Perhaps the worst thing to happen to journalism over the years is its simplistic over-reliance on the mere "appearance of impropriety" to justify big, splashy stories.

It's based on the assumption that everybody is corrupt. No actual wrongdoing need ever be found - just something that might look a bit fishy to a reporter's overly suspicious eyes. There's no need to prove anything; one or two distant connections is enough to justify destroying somebody's reputation - which didn't deserve protection anyway because everybody is evil.

And that brings us to Dave McKinney, who resigned last week as the Statehouse bureau chief for the Chicago Sun-Times. It was a reversal of what's become the norm: In this case, a politician caught a journalist in the appearance-of-impropriety web.

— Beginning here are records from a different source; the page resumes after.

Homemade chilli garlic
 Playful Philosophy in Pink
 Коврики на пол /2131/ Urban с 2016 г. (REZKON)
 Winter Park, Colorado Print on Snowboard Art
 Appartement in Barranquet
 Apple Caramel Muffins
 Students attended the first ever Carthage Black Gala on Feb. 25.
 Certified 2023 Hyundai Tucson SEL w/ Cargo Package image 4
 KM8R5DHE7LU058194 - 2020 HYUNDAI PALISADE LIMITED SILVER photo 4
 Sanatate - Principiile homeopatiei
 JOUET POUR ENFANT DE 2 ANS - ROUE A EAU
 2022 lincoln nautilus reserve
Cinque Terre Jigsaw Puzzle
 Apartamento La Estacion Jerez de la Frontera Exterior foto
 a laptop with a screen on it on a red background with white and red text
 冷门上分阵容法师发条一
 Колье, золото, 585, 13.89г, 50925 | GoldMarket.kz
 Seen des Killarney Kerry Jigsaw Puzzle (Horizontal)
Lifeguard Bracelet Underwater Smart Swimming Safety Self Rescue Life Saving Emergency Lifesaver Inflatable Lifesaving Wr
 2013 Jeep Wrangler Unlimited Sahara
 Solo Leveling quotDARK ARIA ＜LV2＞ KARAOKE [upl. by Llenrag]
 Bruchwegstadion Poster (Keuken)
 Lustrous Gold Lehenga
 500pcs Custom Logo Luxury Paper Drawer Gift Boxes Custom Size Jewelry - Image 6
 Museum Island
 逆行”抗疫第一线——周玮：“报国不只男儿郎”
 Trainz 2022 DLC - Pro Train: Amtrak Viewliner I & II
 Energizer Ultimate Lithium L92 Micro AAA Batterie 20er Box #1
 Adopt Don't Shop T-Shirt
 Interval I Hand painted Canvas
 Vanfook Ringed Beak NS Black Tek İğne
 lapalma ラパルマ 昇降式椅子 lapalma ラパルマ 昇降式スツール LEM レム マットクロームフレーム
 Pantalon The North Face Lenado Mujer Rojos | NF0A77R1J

McKinney married political consultant Ann Liston in April. Months before, however, McKinney, Liston, and her business partner Eric Adelstein constructed a "firewall" between Liston and Illinois politics. Adelstein formed a new company to handle all Illinois accounts, and Liston would not participate in those campaigns or receive any compensation. The Sun-Times signed off on this change in January.

That should've been the end of it. The campaign of GOP gubernatorial nominee Bruce Rauner knew about McKinney's marriage and never once complained, especially when McKinney was repeatedly and thoroughly gutting Governor Pat Quinn over his botched 2010 anti-violence initiative.

Rauner's campaign waited until October to play the appearance-of-impropriety card against McKinney when the Sun-Times ran a big story about how two people swore in affidavits that Rauner had issued threats against a top female executive at one of his investment firm's companies.

After failing to derail the piece, the Rauner campaign launched an attack on McKinney, who was just one of the story's three authors.

Rauner's campaign falsely charged that Liston was directly involved with and directly profiting from anti-Rauner efforts in Illinois. It claimed McKinney should never been put on the story.

Instead of telling the Rauner people to suck an egg, McKinney's bosses sidelined the reporter for the better part of the week. Rauner had successfully used the appearance-of-impropriety attack against one of the state's top political reporters just three weeks before an election. McKinney hired famed former federal prosecutor Patrick Collins and was quickly taken off his informal suspension.

But the paper balked at putting McKinney back on his beat. He was offered other positions at the paper, which he considered demotions. And then his editors initially refused to put his byline on a follow-up piece to the Rauner-threat story. McKinney quit.

But the Sun-Times has its own appearance-of-impropriety problems. Rauner owned 10 percent of the paper until last year. A published report claims Rauner purchased 900,000 shares of a once-struggling business controlled by the chair of the Sun-Times' parent company.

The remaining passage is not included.